FIOPS: A New Linux I/O Scheduler For Flash/SSDs

Written by Michael Larabel in Linux Kernel on 9 January 2012 at 09:43 AM EST. 14 Comments
LINUX KERNEL
Last week a new I/O scheduler was presented for the Linux kernel. This new scheduler, FIOPS, is designed around modern flash-based storage devices like solid-state drives.

Shaohua Li presented FIOPS, the Fair IOPS scheduler, under an "RFC" state last week on the Linux kernel mailing list.

This new I/O scheduler is designed around the following assumptions about Flash-based storage devices: no I/O seek time, read and write I/O cost is usually different from rotating media, time to make a request depends upon the request size, and high through-put and higher IOPS with low-latency. With these flash characteristics in mind, he wrote FIOPS.
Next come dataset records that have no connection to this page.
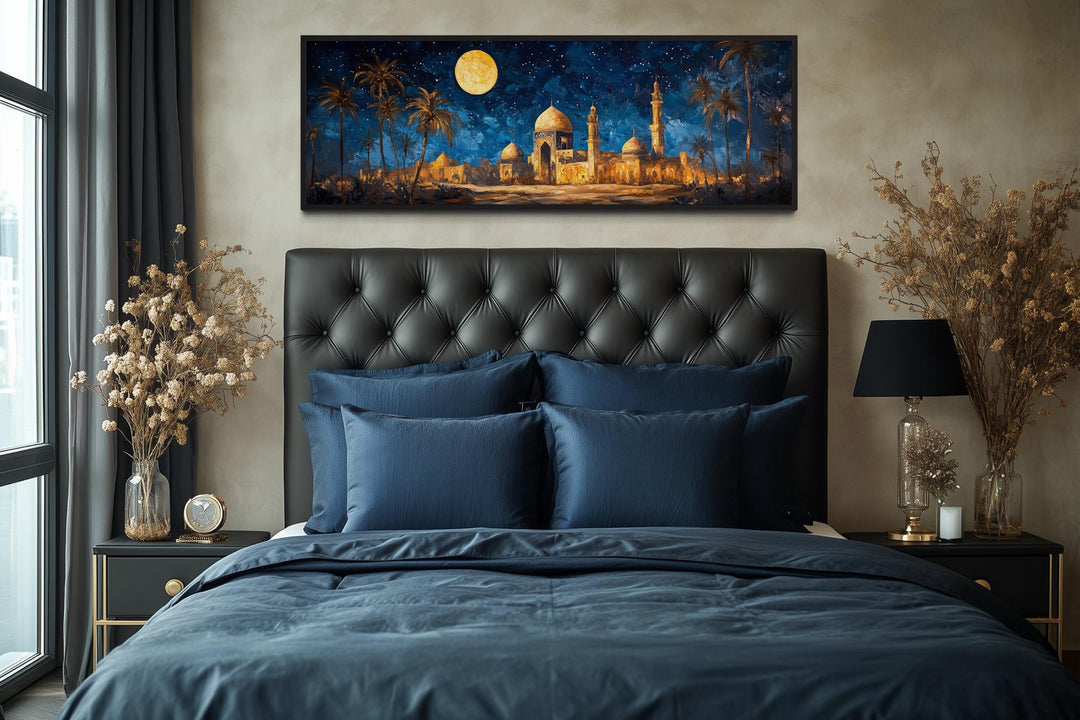 Middle Eastern Long Horizontal Arabic Architecture Nightscape Wall Art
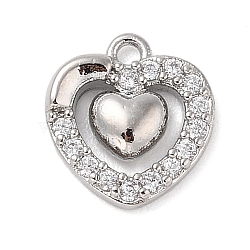 Brass with Cubic Zirconia Charms, Heart, Platinum, 11.5x10.5x3mm, Hole: 1.2mm(KK-Q817-02P)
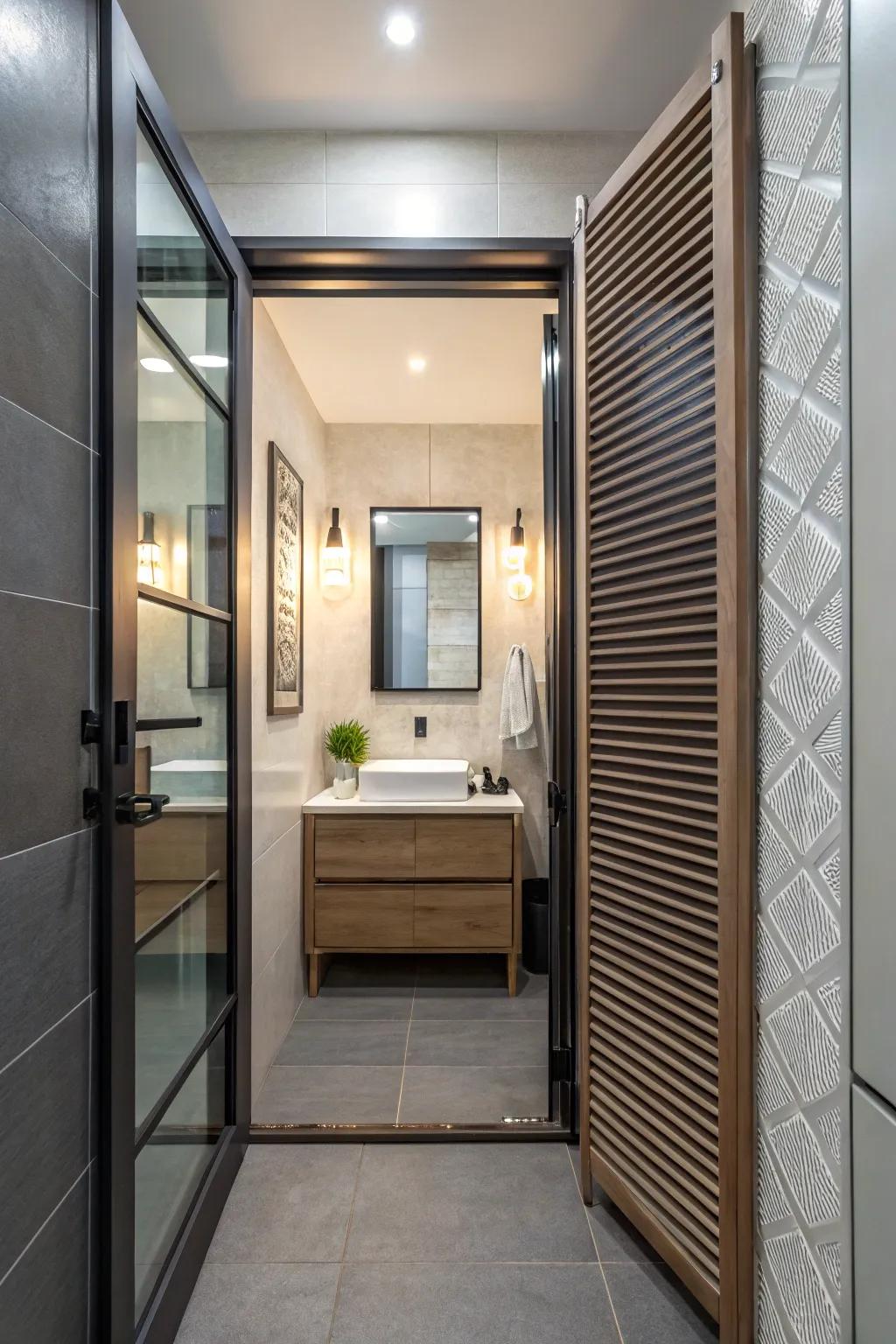 Accordion doors furnish a dynamic space-economizing resolution.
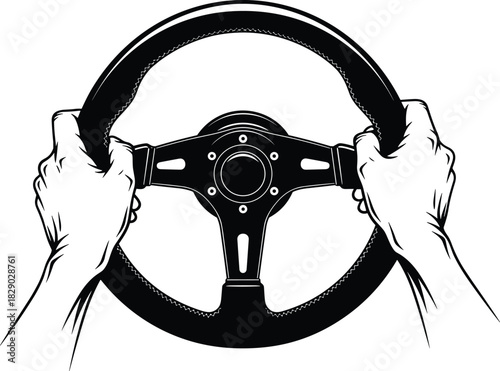 Driver Hands Holding Car Steering Wheel Vector Illustration in Black and White for Automotive Transportation and Road Trip Travel Concept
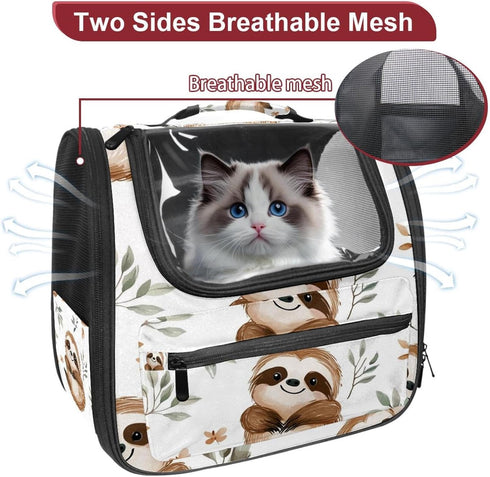 (1) Cute Baby Sloths Pet Carrier Soft Sided Carrier for Small Medium Cats Dogs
CFQ, the commonly used Linux I/O scheduler at present, does well for rotating media but Shaohua believes his new scheduler is better for flash media. At present CFQ only has a few optimizations for SSDs. The design of the Fair IOPS scheduler is similar to CFQ but the dispatch decision is made according to IOPS instead of slice, while being backed by a simple algorithm.

This code is still in-development and thus not a candidate for the Linux 3.3 kernel. Some of the work items still left is ioprio support, request size vios scale, cgroup support, tracing support, and to automatically select the default I/O scheduler in a smart manner.